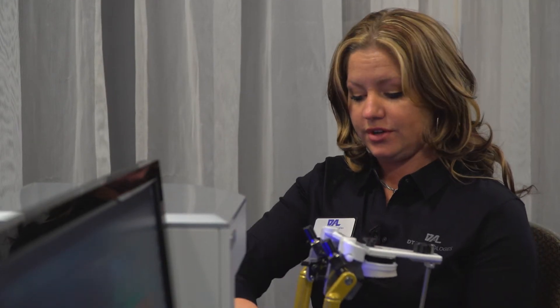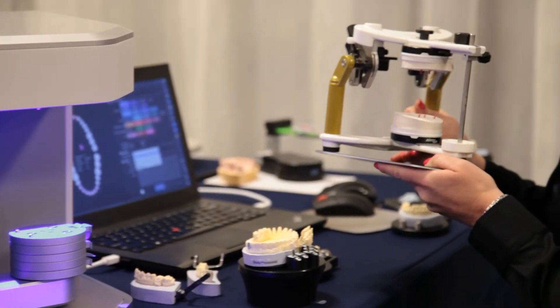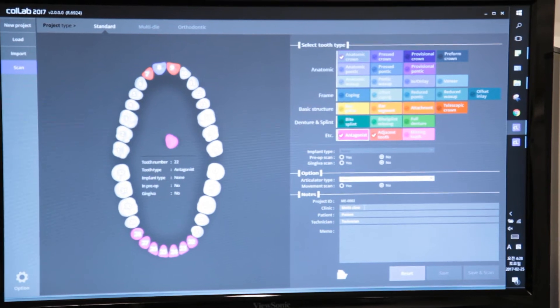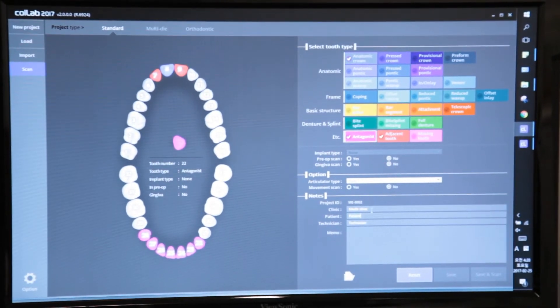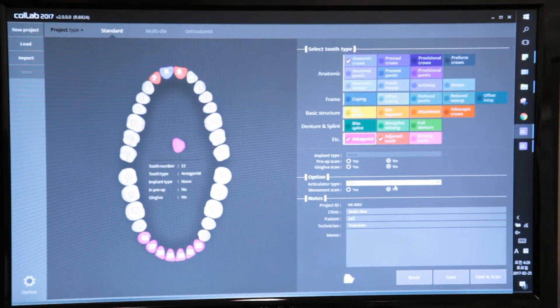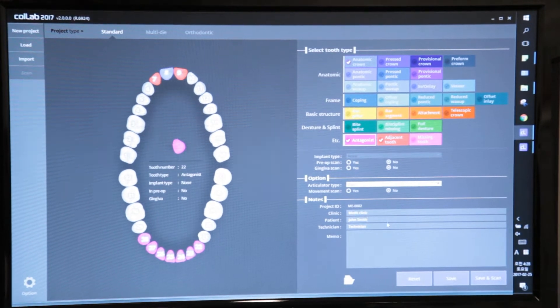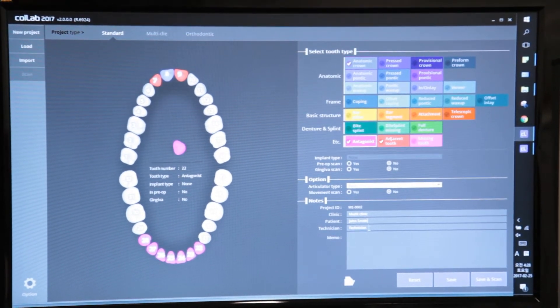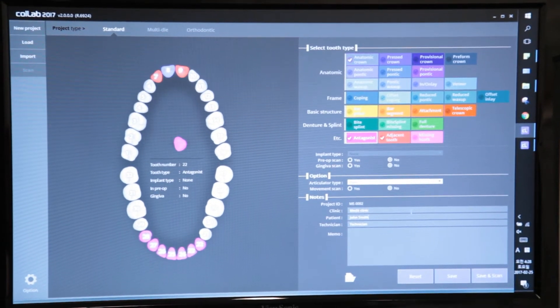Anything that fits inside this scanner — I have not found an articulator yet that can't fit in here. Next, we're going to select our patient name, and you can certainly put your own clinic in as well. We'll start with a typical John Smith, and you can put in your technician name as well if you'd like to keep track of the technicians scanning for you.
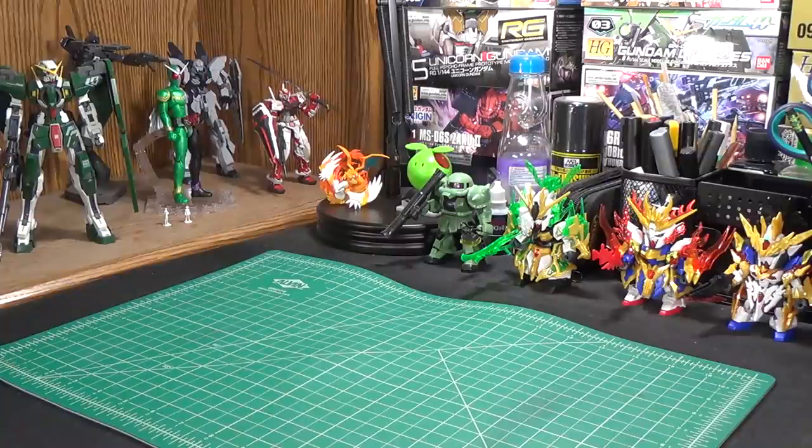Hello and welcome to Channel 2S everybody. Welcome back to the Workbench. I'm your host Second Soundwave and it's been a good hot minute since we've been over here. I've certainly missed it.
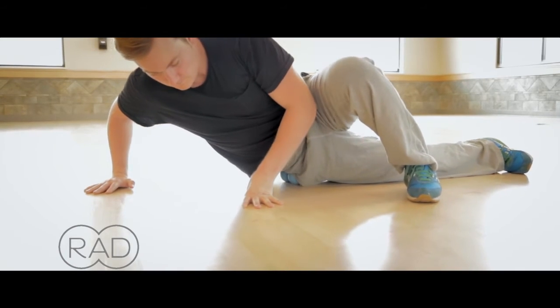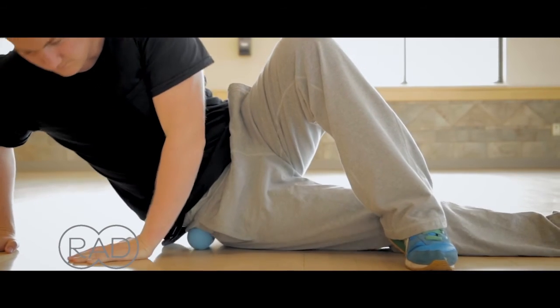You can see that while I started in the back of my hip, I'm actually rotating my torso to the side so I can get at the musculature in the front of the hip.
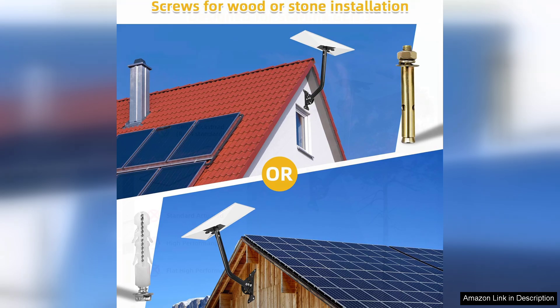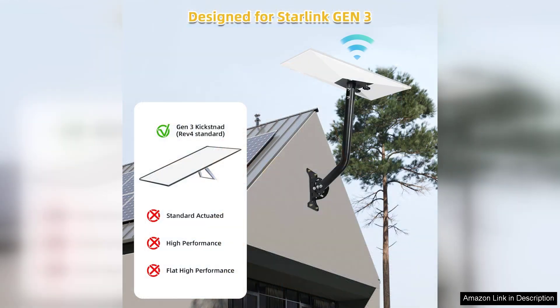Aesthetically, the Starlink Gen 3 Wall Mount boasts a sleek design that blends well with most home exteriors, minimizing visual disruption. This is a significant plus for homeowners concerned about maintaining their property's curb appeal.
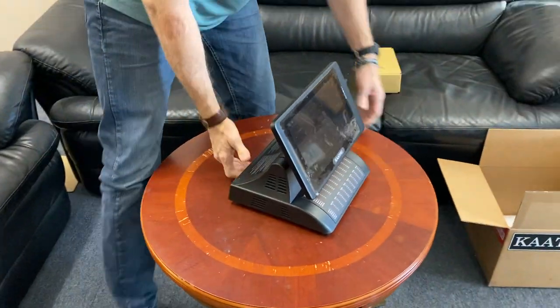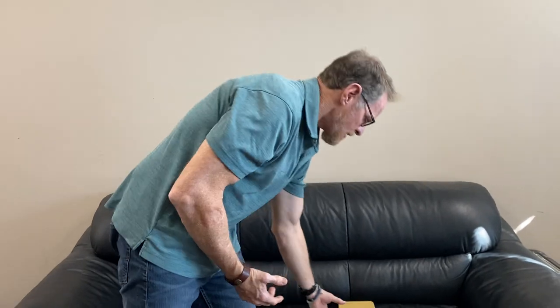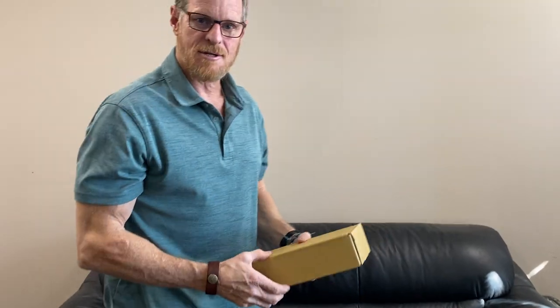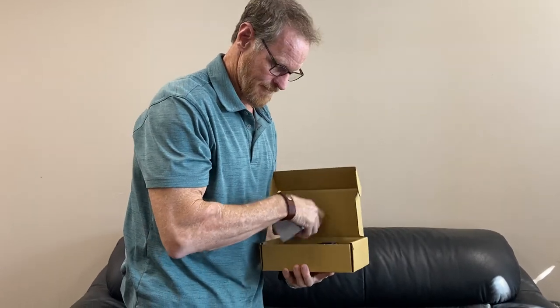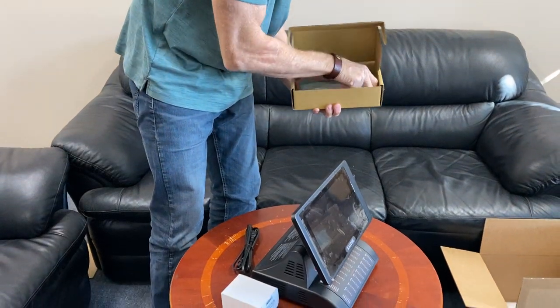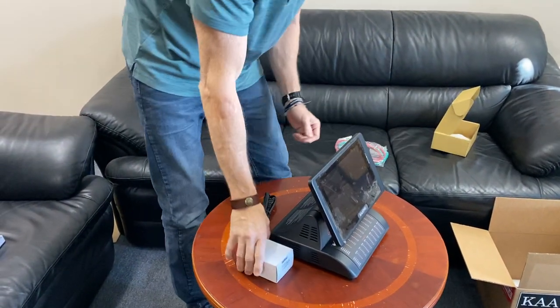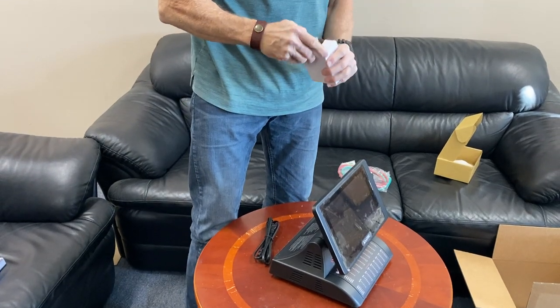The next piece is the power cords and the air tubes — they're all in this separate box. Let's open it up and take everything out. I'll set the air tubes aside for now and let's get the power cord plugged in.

◇ ◇ ◇ ◇ ◇

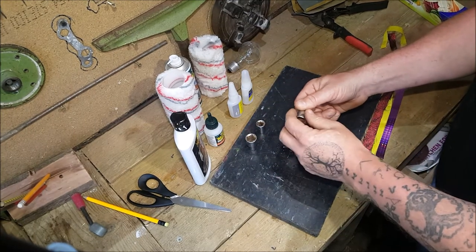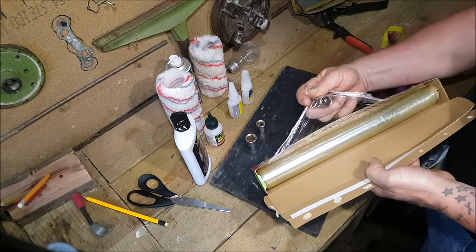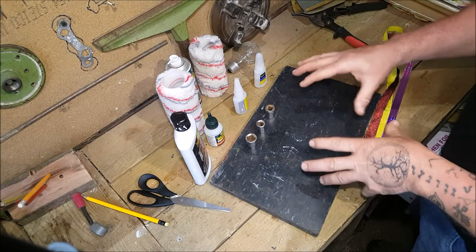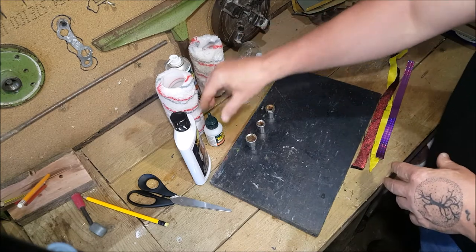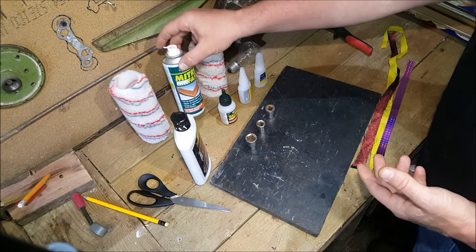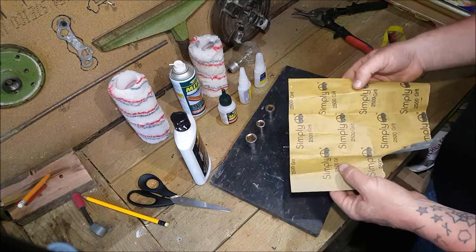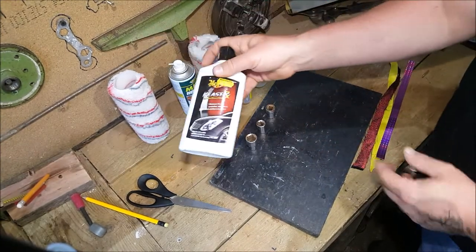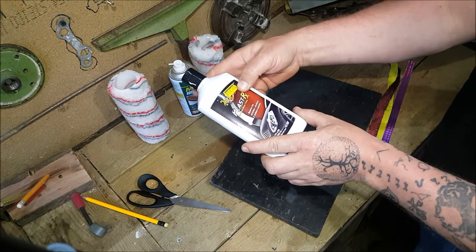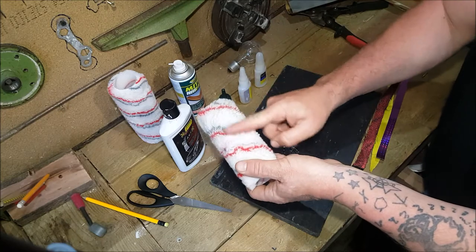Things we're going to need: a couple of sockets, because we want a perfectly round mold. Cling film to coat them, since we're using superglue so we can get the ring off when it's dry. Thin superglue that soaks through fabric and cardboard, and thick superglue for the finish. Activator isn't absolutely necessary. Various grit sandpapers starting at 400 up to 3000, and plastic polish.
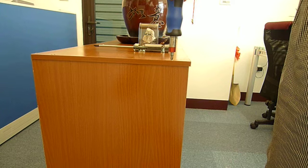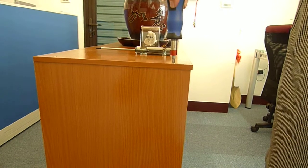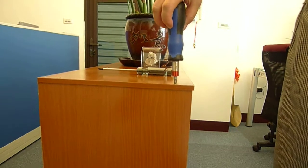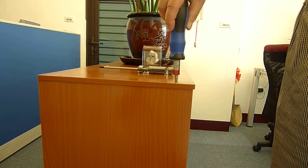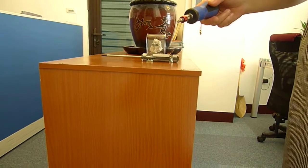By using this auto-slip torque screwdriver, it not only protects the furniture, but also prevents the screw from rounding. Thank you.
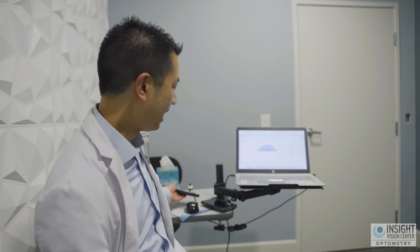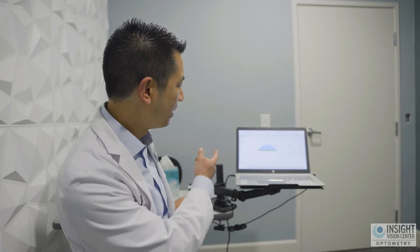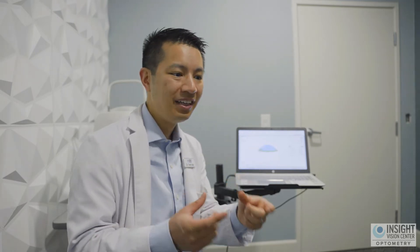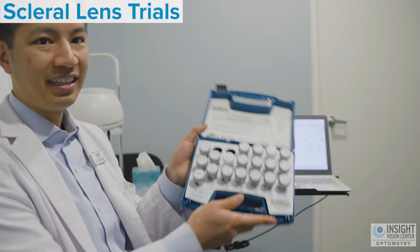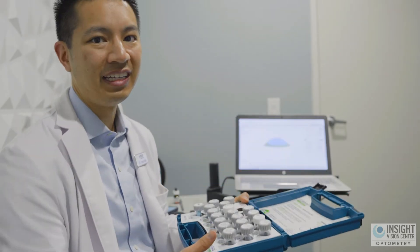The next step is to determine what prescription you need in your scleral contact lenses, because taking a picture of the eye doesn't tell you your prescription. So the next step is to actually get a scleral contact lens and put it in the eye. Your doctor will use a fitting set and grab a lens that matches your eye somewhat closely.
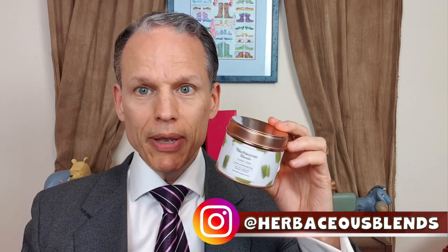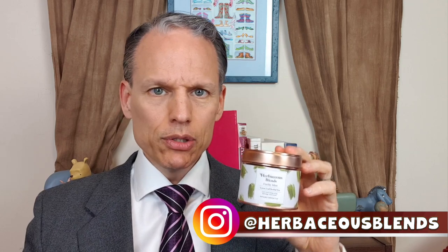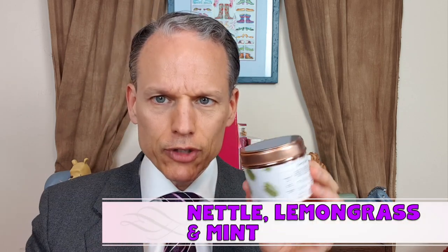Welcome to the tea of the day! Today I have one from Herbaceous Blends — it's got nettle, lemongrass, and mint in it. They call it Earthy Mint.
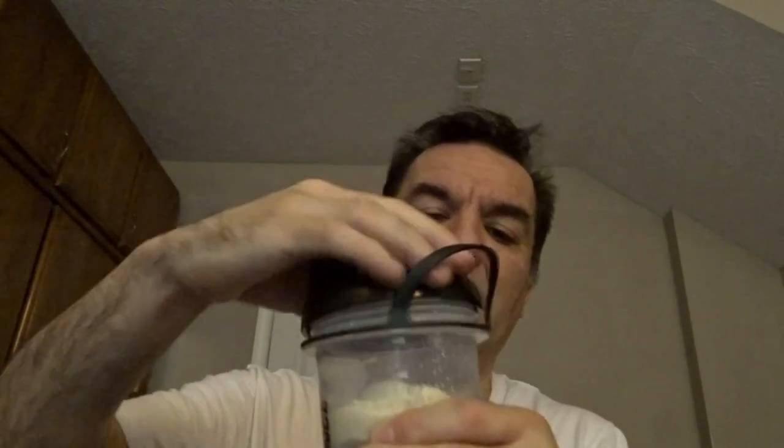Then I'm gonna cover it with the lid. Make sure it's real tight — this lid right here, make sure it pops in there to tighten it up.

◇ ◇ ◇ ◇ ◇

"The next step is to determine" marks the first line to copy, and "Then I'm gonna" marks the last. Repeat that stretch above exactly, with no pictures.

• Response area:
The next step is to determine what prescription you need in your scleral contact lenses, because taking a picture of the eye doesn't tell you your prescription. So the next step is to actually get a scleral contact lens and put it in the eye. Your doctor will use a fitting set and grab a lens that matches your eye somewhat closely.
Welcome to the tea of the day! Today I have one from Herbaceous Blends — it's got nettle, lemongrass, and mint in it. They call it Earthy Mint.
Then I'm gonna cover it with the lid. Make sure it's real tight — this lid right here, make sure it pops in there to tighten it up.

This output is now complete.